Task statement — In the listing, locate the line containing "4-in-1 Kitchen Knife", then quote it and all following lines exactly. Omit pictures.
------------------------
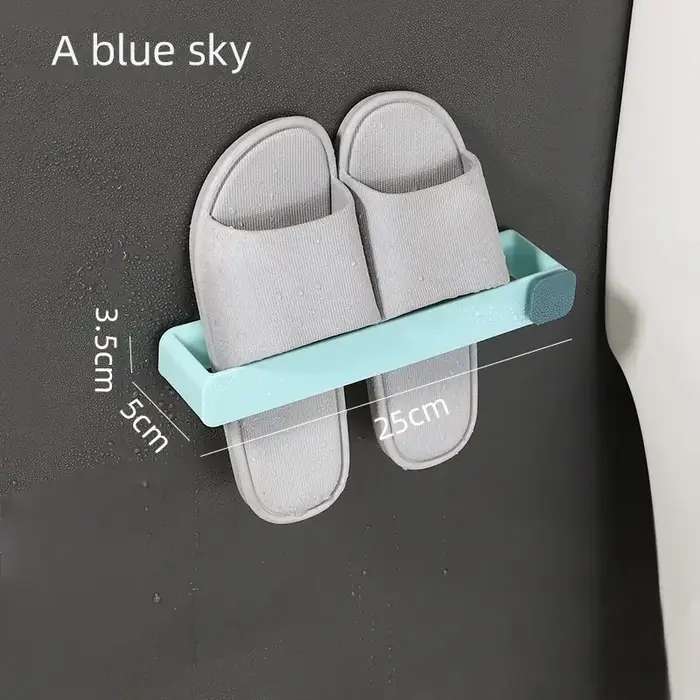 Étagère murale sans perçage pour pantoufles de salle de bain, support à chaussures monobloc, étagère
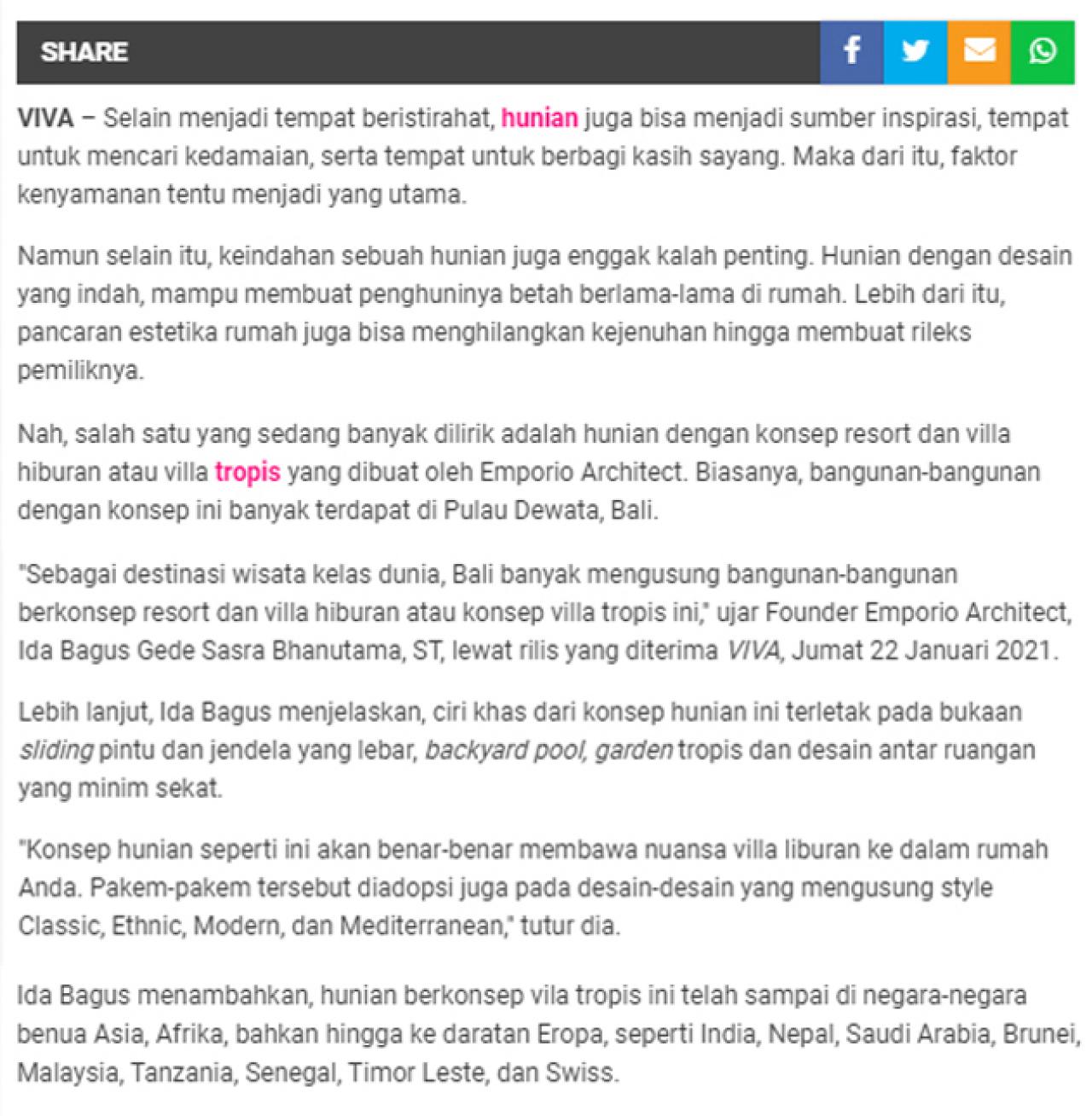 Ulasan Media VIVA.co.id - Hunian Vila Tropis Karya Anak Bangsa Dilirik Hingga Mancanegara 1 1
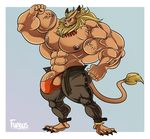  abs anthro balls belt biceps blue_eyes brown_fur bulge claws clothed clothing digimon ear_piercing feline fur furious half-dressed hyper hyper_muscles leomon lion male mammal muscular necklace nipples open_pants pants pecs penis piercing solo standing toe_claws topless underwear vein 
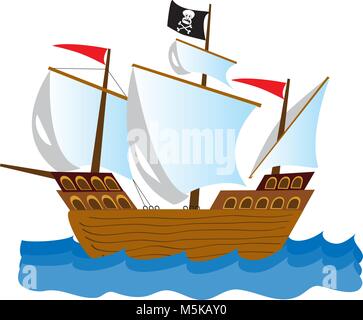 Un dessin de bateau de pirate avec un drapeau Jolly roger Illustration de Vecteur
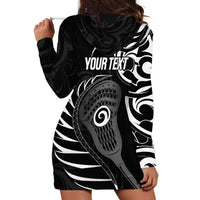Personalised New Zealand Silver Fern Lacrosse Hoodie Dress Aotearoa Maori Pattern LT14 - Polynesian Pride
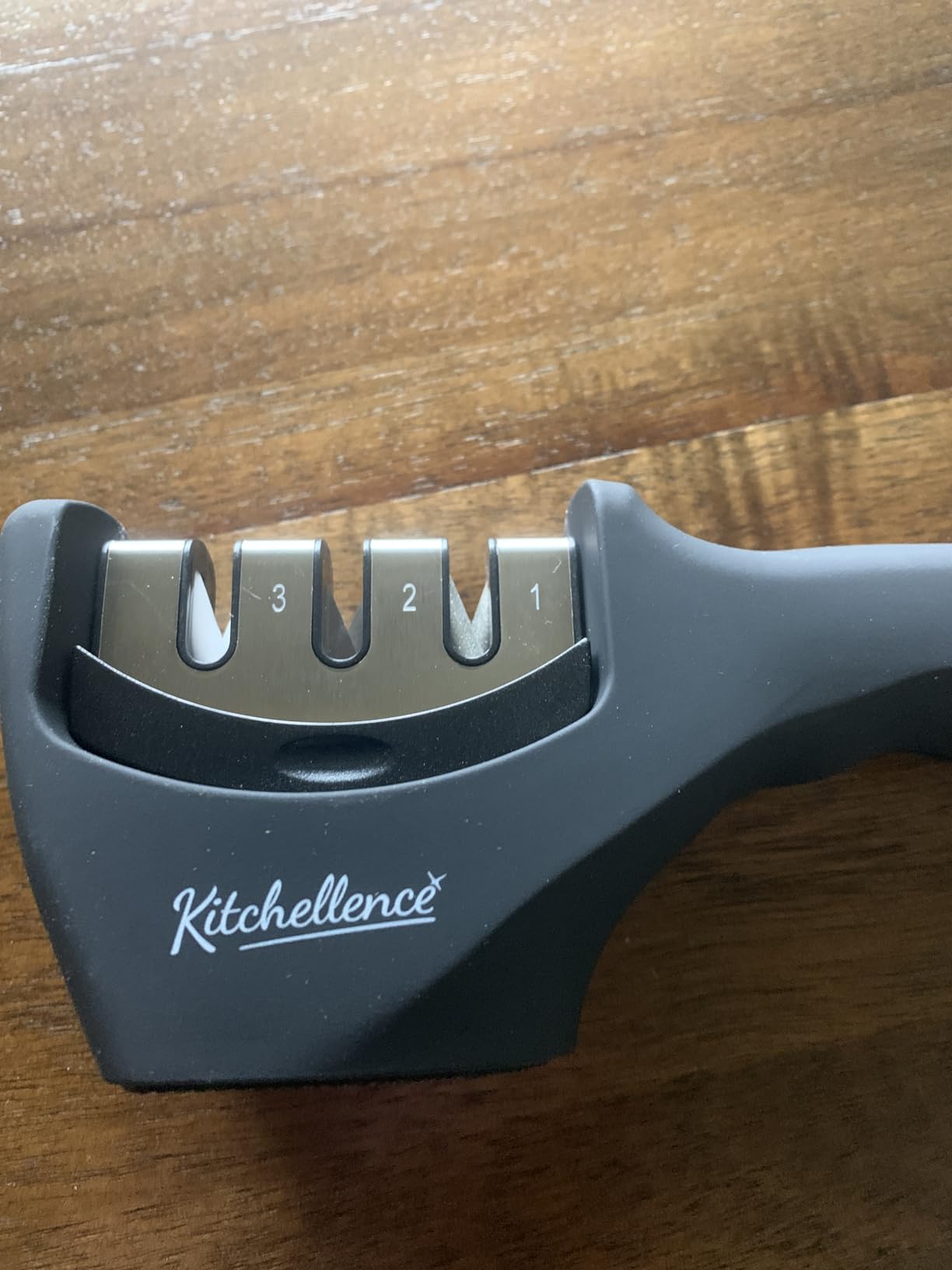4-in-1 Kitchen Knife Accessories: 3-Stage Knife Sharpener Helps Repair, Restore, Polish Blades and Cut-Resistant Glove (Black) customer photo 1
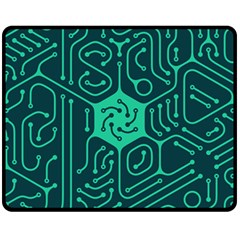 Circuit Hexagonal Geometric Pattern Background Green Fleece Blanket (medium) by Jancukart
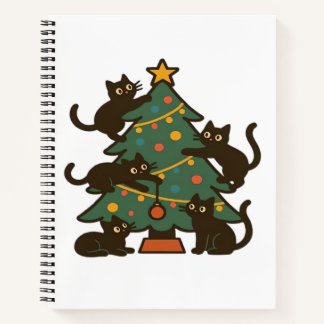 Christmas Cats Around The Tree Holiday Classic Notebook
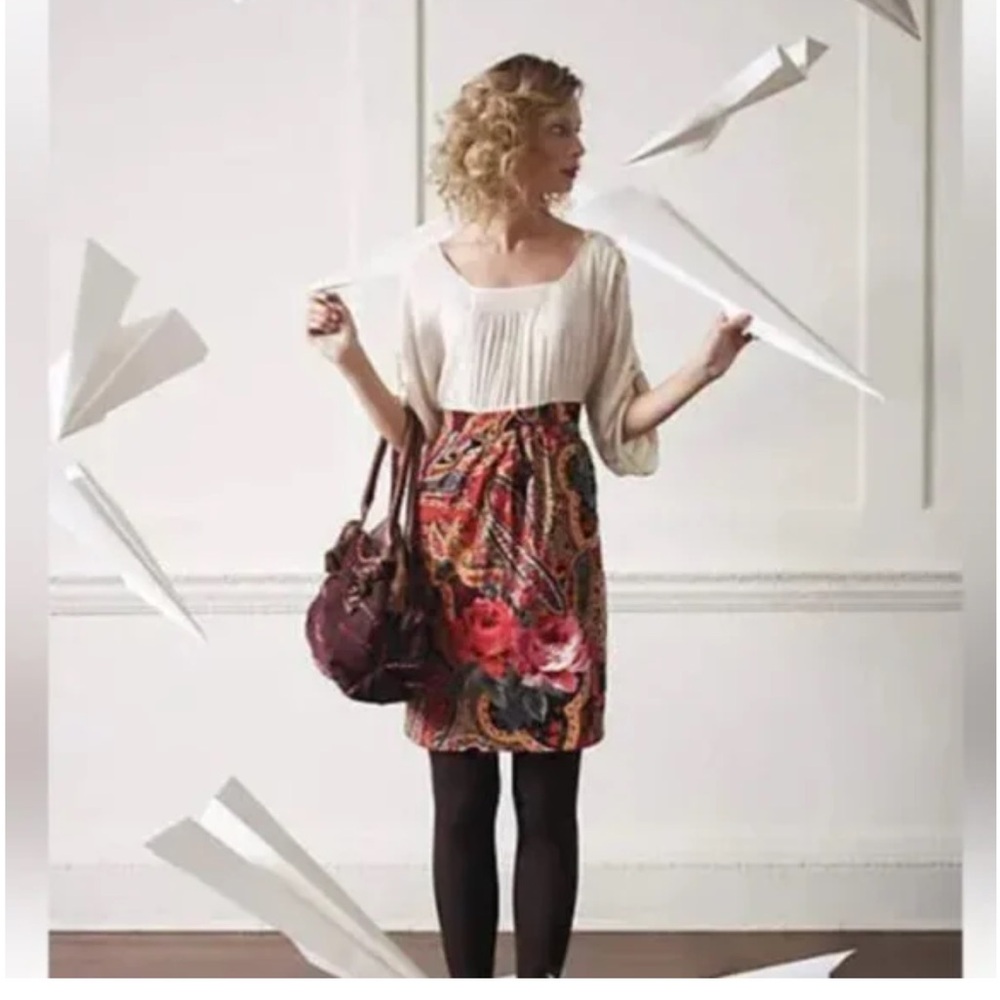 Women's Anthropologie Edme & Esyllte Easy As Pie Paisley Corduroy Dress BOHO 0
------------------------
Exercise answer —
4-in-1 Kitchen Knife Accessories: 3-Stage Knife Sharpener Helps Repair, Restore, Polish Blades and Cut-Resistant Glove (Black) customer photo 1
 Circuit Hexagonal Geometric Pattern Background Green Fleece Blanket (medium) by Jancukart
 Christmas Cats Around The Tree Holiday Classic Notebook
 Women's Anthropologie Edme & Esyllte Easy As Pie Paisley Corduroy Dress BOHO 0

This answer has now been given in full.